Inundation: The Drowning of Prince Edward Island
by David Compton
FriesenPress


"Gently but firmly, he turned aside Laura's suggestion that they should move before the water took the house."

This novel of an impending watery apocalypse brings to mind a couple of other soul shattering reminders of what nature’s forces have in store for us if we fail to take it seriously enough, or if we assume our unbound intellect will always be superior to unintended consequences. Inundation is not as harrowing as Erik Larson’s Isaac’s Storm in its depiction of a rising tide’s primordial power, though it paints a devastating picture nonetheless. Nor is it as profoundly moving as Nevil Shute’s On The Beach in its examination of the emotional toll that looming-oblivion exacts, yet it doesn’t shirk from the individual human tragedy inherent in catastrophic events.

The author places his tale of approaching environmental calamity on Prince Edward Island off the eastern coast of Canada. Decades of ignored warnings about climate change and global warming have come home to roost. Greenland and Antarctic ice caps are melting. The Atlantic is rising. Erosion is causing seaside homes and cottages to crumble from cliffs and tumble roof-over-porch onto the sands below. Fresh water wells are beginning to turn salty. Acres of farmland are being flooded. Caribbean storms that once dissipated before heading north are no longer weakening before lying waste to shorelines and inland property.
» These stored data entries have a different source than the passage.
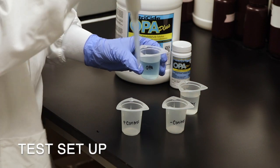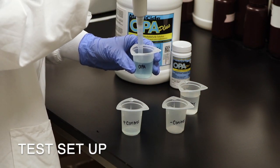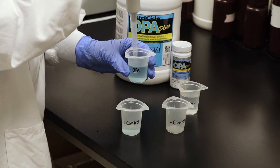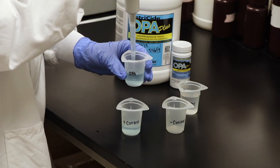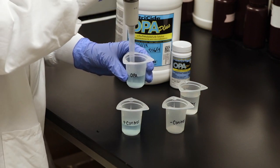Begin by preparing the positive control and negative control solutions. The positive control will require 25 milliliters of undiluted Metricide OPA. The negative control will require 10 milliliters of undiluted Metricide OPA Plus and 15 milliliters of potable water. Be sure to mix the negative control solution well.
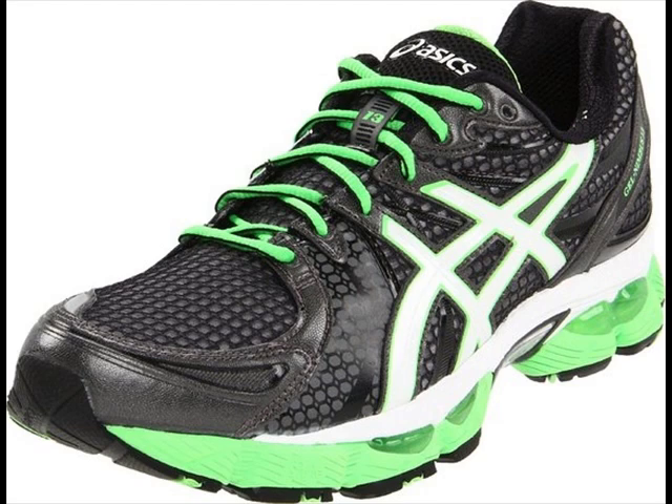When you first put these shoes on it can feel a little strange, but after being worn for a while, most people never want to put anything else on their feet for running or other exercise.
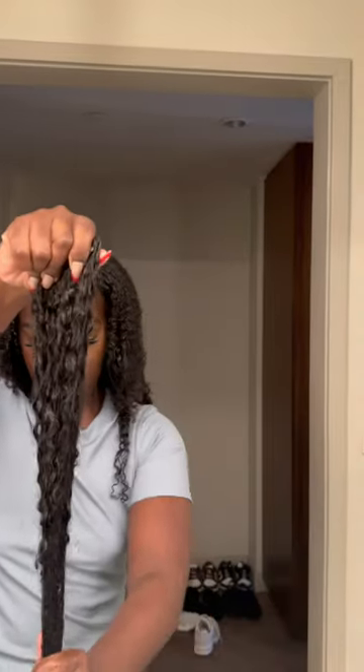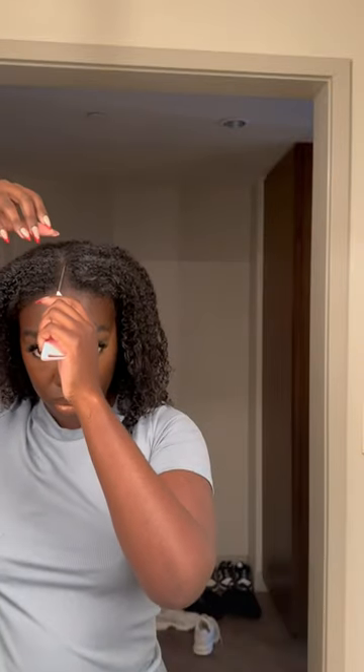I wanted to do a half up half down. If I was doing this at home this style would have been so much cleaner, but I was in a rush and I have limited resources because I'm in a hotel. I used the Pattern curl gel to smooth down my hair and we were all good up until this point.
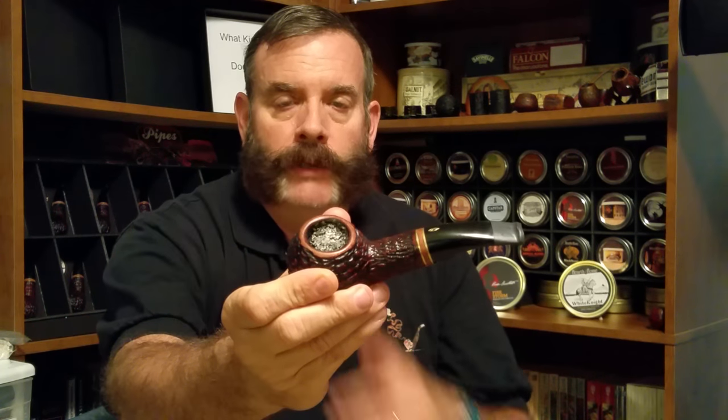Here is a pipe I've already started. As you can see I've got an ash bed at the top. I smoked this pipe until it almost went out, and now I'm going to try to light it. It won't light. The reason it won't light is because the ash bed is too thick — the tobacco is below it and the ignition source cannot get through that ash to reach the tobacco.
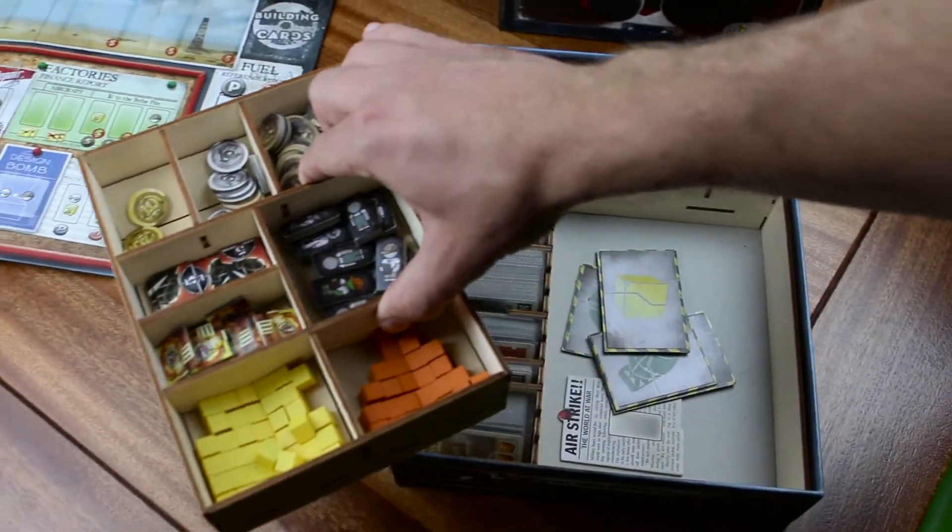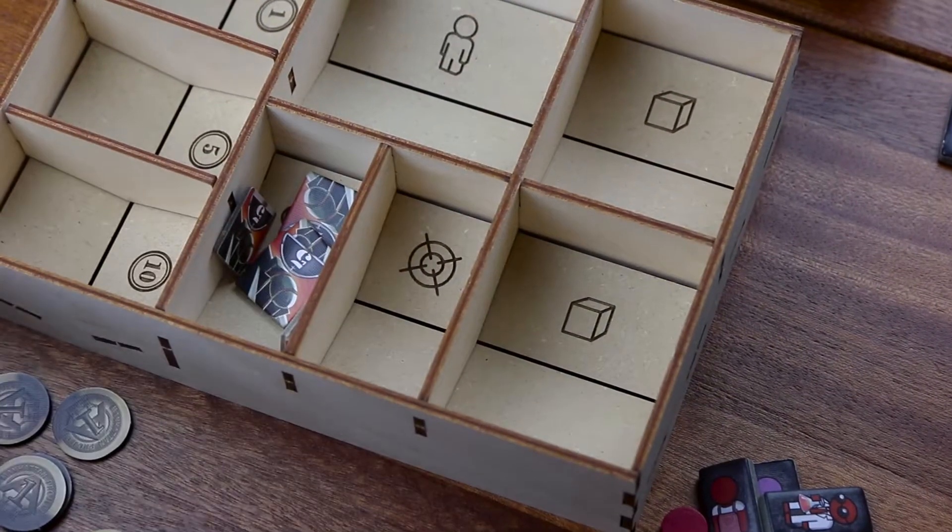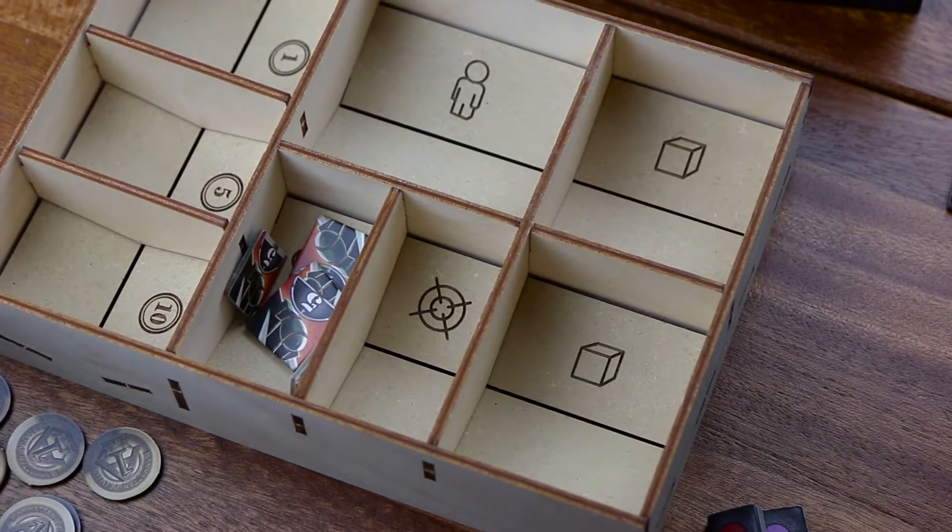There's a removable token tray to provide additional storage below for the extra supply boards. The token sections feature engravings to show you where to place your components.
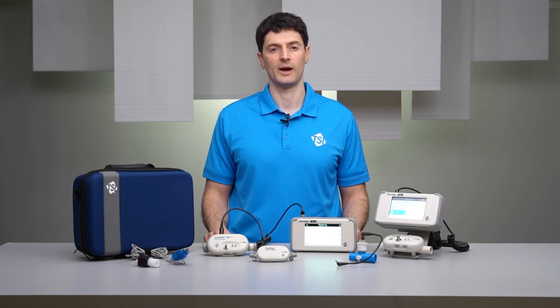TSI Certifier Flow Analyzers are used by biomedical departments, med device manufacturers, and service organizations to repair, calibrate, or perform preventative maintenance on ventilators, anesthesia workstations, and other respiratory medical equipment.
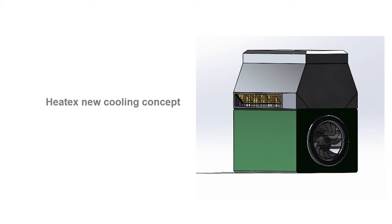HeatX has come up with a cooling concept utilizing plate heat exchangers that vastly improves cooling efficiency. Three aspects are behind this improvement.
This is a colossal disaster for the people of the island. Lives are torn asunder as they are forced to flee from the rising waters. Compton sews a multi-racial quilt of lovers caught in circumstances beyond their control, the elderly and the sick too stubborn or too ill to move, unscrupulous businessmen selling real estate that’s already underwater to unsuspecting foreigners, villains taking advantage of the disenfranchised, and heroes coming to the aid of people in need.

Inundation is a frightening depiction of a potential world to come, painted with the soft pastels of humanism and captured on a climate-canvas of our own making. It is perhaps less a polemic than it is a portent of things to come.